(Record excerpts)
··········
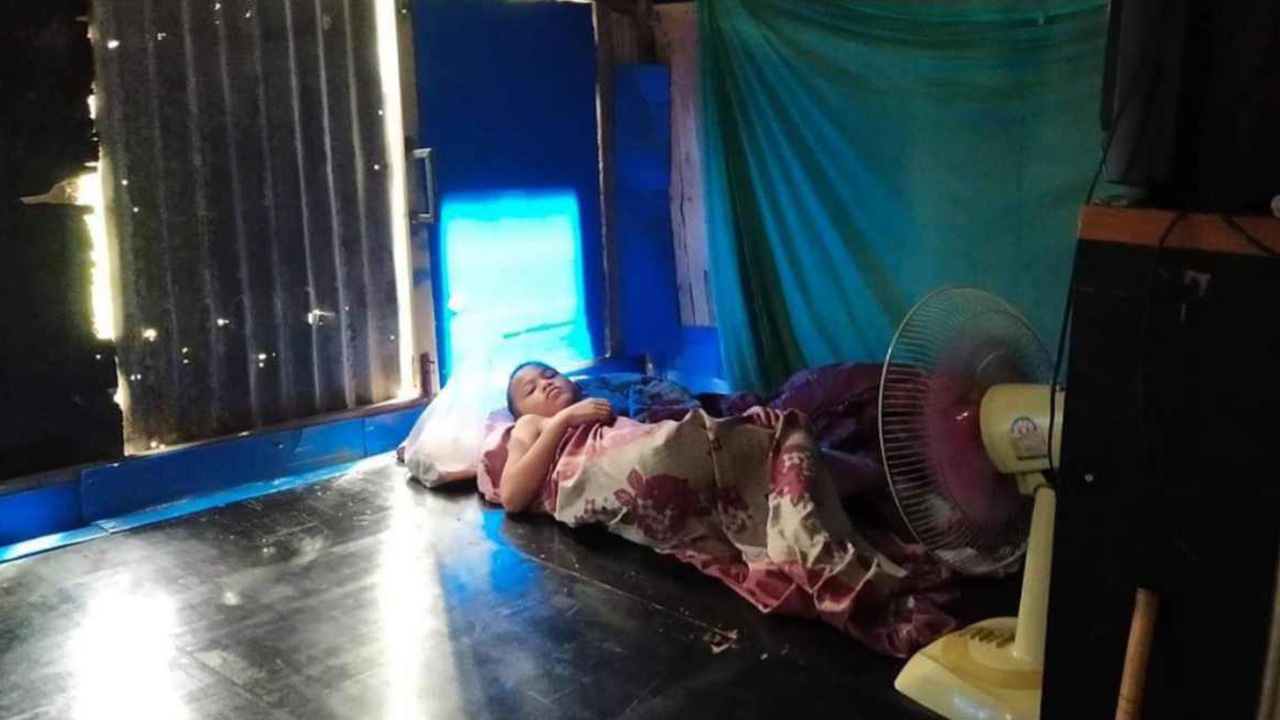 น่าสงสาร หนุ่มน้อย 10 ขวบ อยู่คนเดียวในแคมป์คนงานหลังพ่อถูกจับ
··········
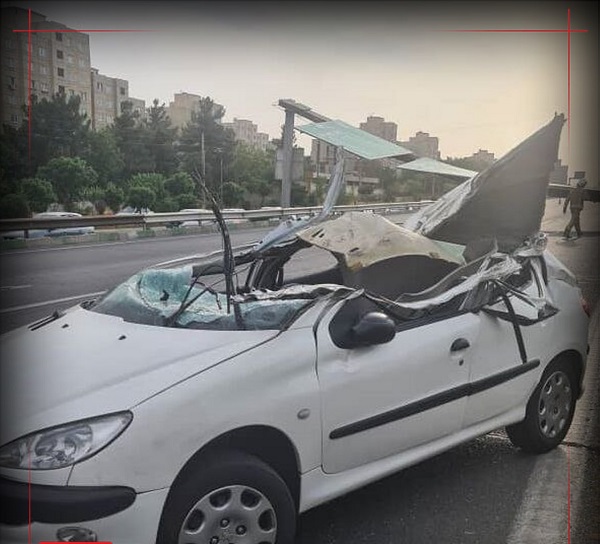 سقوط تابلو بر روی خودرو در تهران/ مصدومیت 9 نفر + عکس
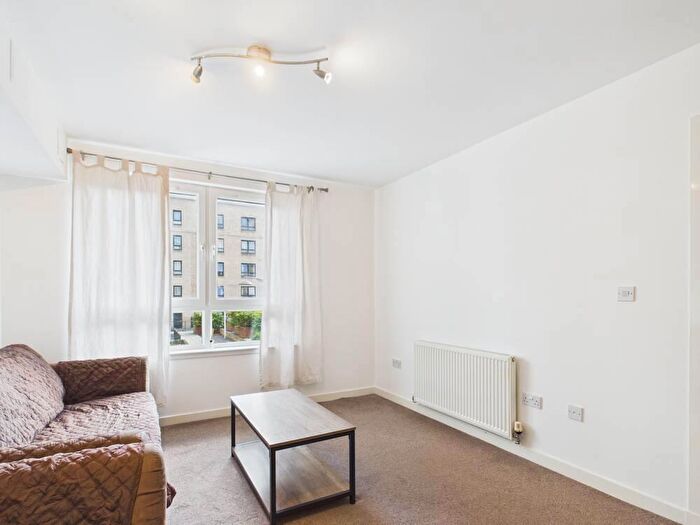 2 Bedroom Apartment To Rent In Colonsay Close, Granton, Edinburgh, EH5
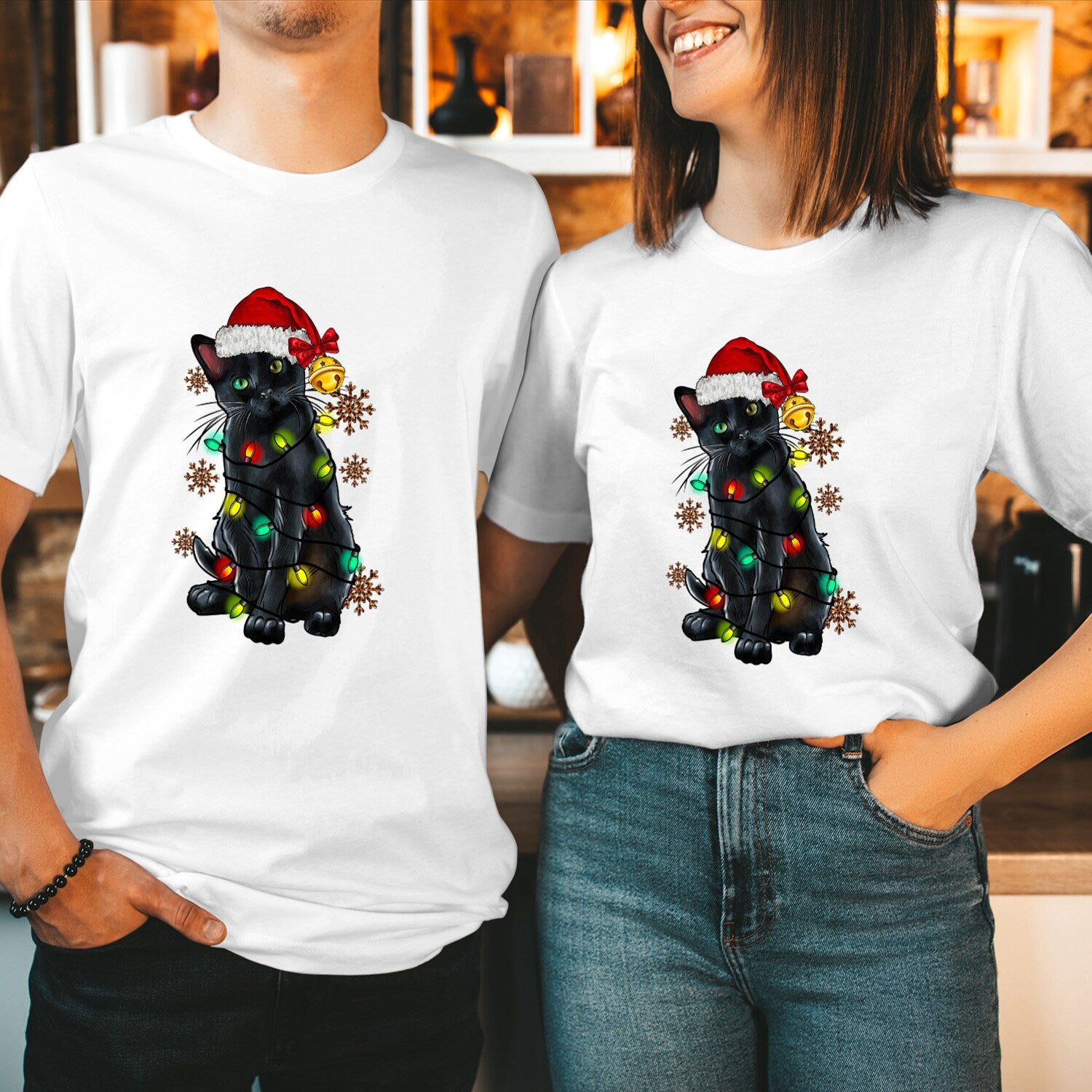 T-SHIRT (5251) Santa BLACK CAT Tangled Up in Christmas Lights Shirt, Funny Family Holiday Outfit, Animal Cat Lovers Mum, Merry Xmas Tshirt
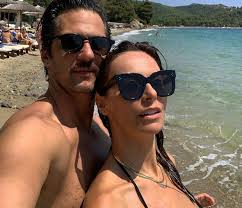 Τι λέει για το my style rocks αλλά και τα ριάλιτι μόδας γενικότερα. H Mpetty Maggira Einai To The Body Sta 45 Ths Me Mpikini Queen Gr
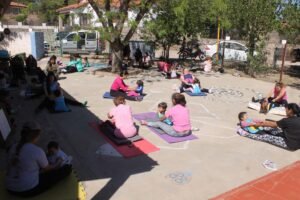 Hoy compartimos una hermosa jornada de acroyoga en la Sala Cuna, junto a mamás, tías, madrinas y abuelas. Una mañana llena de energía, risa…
··········
(The problem)
If a picture sits between the line containing "سقوط تابلو بر" and the line containing "T-SHIRT (5251) Santa", leave it out, and return the lines of that range above exactly, both ends included.

(Answer to this problem)
 سقوط تابلو بر روی خودرو در تهران/ مصدومیت 9 نفر + عکس
 2 Bedroom Apartment To Rent In Colonsay Close, Granton, Edinburgh, EH5
 T-SHIRT (5251) Santa BLACK CAT Tangled Up in Christmas Lights Shirt, Funny Family Holiday Outfit, Animal Cat Lovers Mum, Merry Xmas Tshirt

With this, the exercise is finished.